MATERIAL PROVIDED:

* * * * *

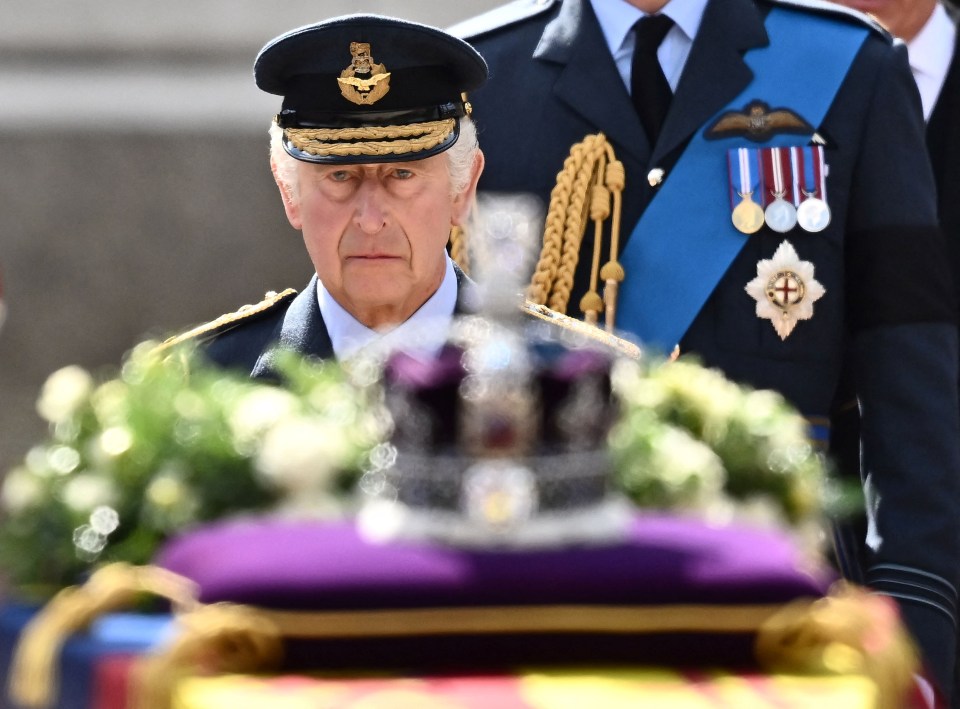 a man in a military uniform stands in front of a crown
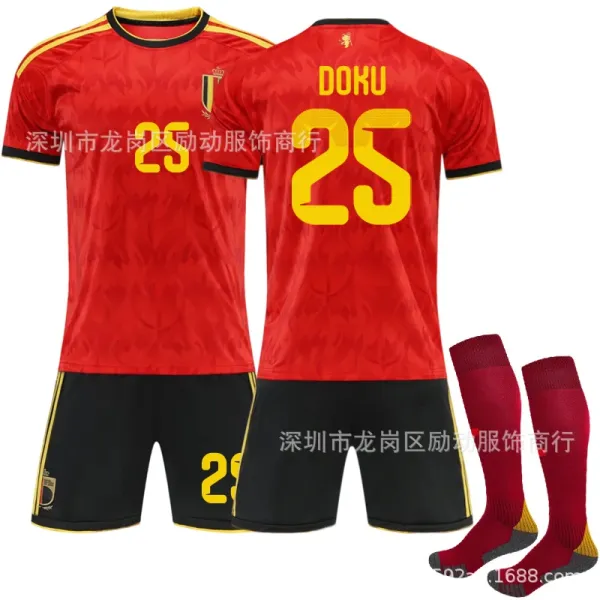 Design Belgium National Team 2022 Home Jersey Set Red / Black / Yellow Sets - 1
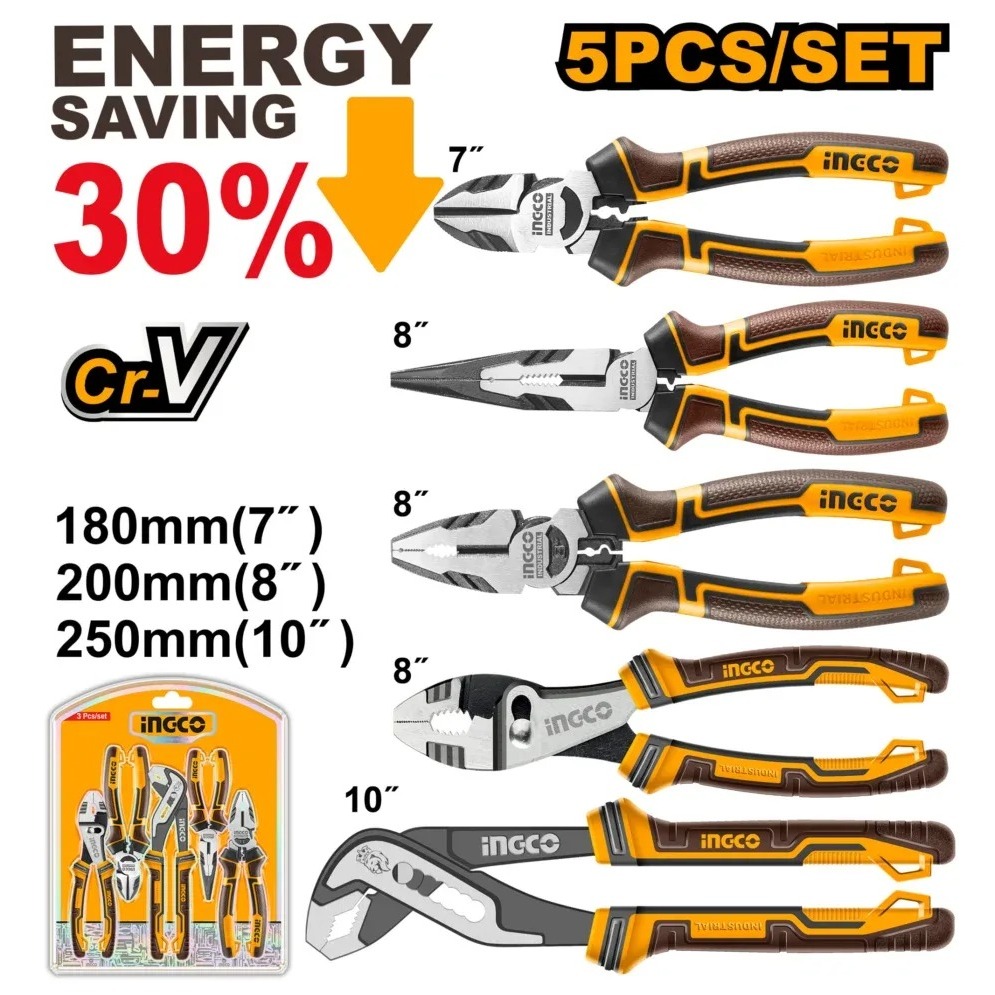 INGCO ชุดคีม 5 ชิ้น รุ่น HKPS28588 ประหยัดแรงในการตัดและบีบได้ถึง 30%  Energy Saving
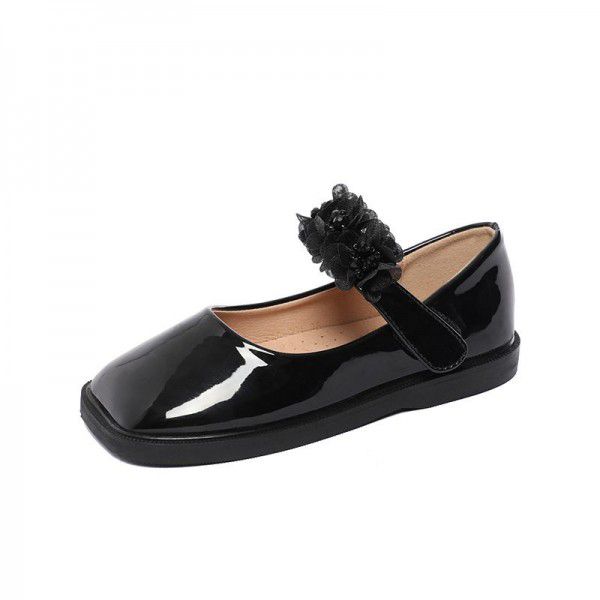 New Versatile Soft Face Children's Small Leather Shoes Academy Black Shallow Mouth Performance Children's Shoes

* * * * *

ASSIGNED TASK: Everything above should be given again exactly, apart from the pictures.

RESULT OF THIS TASK:
 a man in a military uniform stands in front of a crown
 Design Belgium National Team 2022 Home Jersey Set Red / Black / Yellow Sets - 1
 INGCO ชุดคีม 5 ชิ้น รุ่น HKPS28588 ประหยัดแรงในการตัดและบีบได้ถึง 30%  Energy Saving
 New Versatile Soft Face Children's Small Leather Shoes Academy Black Shallow Mouth Performance Children's Shoes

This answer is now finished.